El otro problema que enfrentaba era el sistema. Un sistema que lo asqueaba. En el que para cobrar lo que le correspondía, debía pagar retornos y coimas. Le resultaba inconcebible. Uno de sus muchos orgullos había sido no incurrir nunca en esas prácticas. Tampoco comprendía lo que en el ambiente médico se conocía como el ana-ana, la costumbre de que el médico que derivaba un paciente reclamara un porcentaje del valor de la intervención y de los estudios realizados.

La situación se volvió asfixiante.
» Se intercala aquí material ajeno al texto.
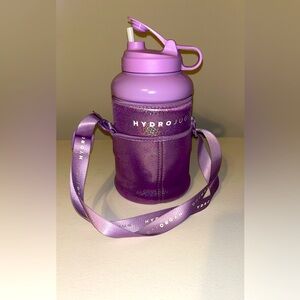 Hydrojug with sleeve and straw
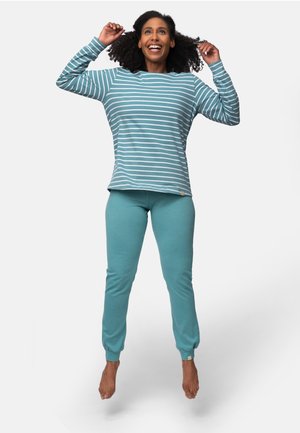 Tweedelige turquoise gestreepte overhemd met lange mouwen, gecombineerd met effen turquoise joggerbroeken. Beide gemaakt van zacht materiaal met ribgebreide manchetten aan de broek.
Vio por delante una disyuntiva que lo desesperaba. Un dilema que parecía irresoluble. En vez de la Decisión de Sofía era la Decisión de René: perder su fundación (su obra, el trabajo de sus amigos, de los que lo acompañaron desde el inicio, una manera de atender, de concebir la medicina) o su integridad.

Era un hombre de valores y de otros tiempos. No usaba computadora y hasta se había resistido a tener un celular. Diana, gracias a su insistencia, fue la que lo convenció de tener un teléfono móvil. Ese apego a las viejas costumbres hizo que cuando decidió salir a pedir ayuda a sus conocidos, poderosos o influyentes lo hizo a través de un método tradicional. Envió una gran cantidad de cartas.

Su pudor le impedía aparecer de sorpresa o molestar con un llamado. Creyó que una misiva firmada por él bastaría para concientizar a varias personas con poder y que acudirían a rescatar a la institución que era líder en cirugía cardiovascular y en trasplantes de todo tipo. O que su firma, al menos, ameritaría una respuesta. Nadie contestó. Ninguna fue respondida.

Eran tiempos demasiado rápidos y poco comprometidos para una carta. Eran comunicaciones fáciles de ignorar, de perder en una instancia previa, de desconocer su recibo.

Una de esas cartas la envió a Claudio Escribano, jefe de redacción de La Nación y viejo amigo. Allí en dos líneas crueles e impactantes resumió esos últimos meses de su vida. “En este último tiempo me he transformado en un mendigo. Mi tarea es llamar, llamar y golpear puertas para recaudar algún dinero que nos permita seguir con nuestra tarea”. La primera frase de la carta no dejaba dudas, no ofrecía misterio sobre su situación: “Estoy pasando uno de los momentos más difíciles de mi vida”.

Otra de esas cartas en las que pedía auxilio económico, tal vez la más célebre, se la envió al presidente Fernando de la Rúa. Allí explicaba el estado de situación. Empezaba: “Estimado Fernando: te escribo estas líneas porque nuestra fundación está al borde de la quiebra”. Decía que necesitaba 6 millones de dólares para salir del atolladero. Según el secretario de presidencia, De la Rúa leyó la carta recién el mismo sábado del suicidio del doctor.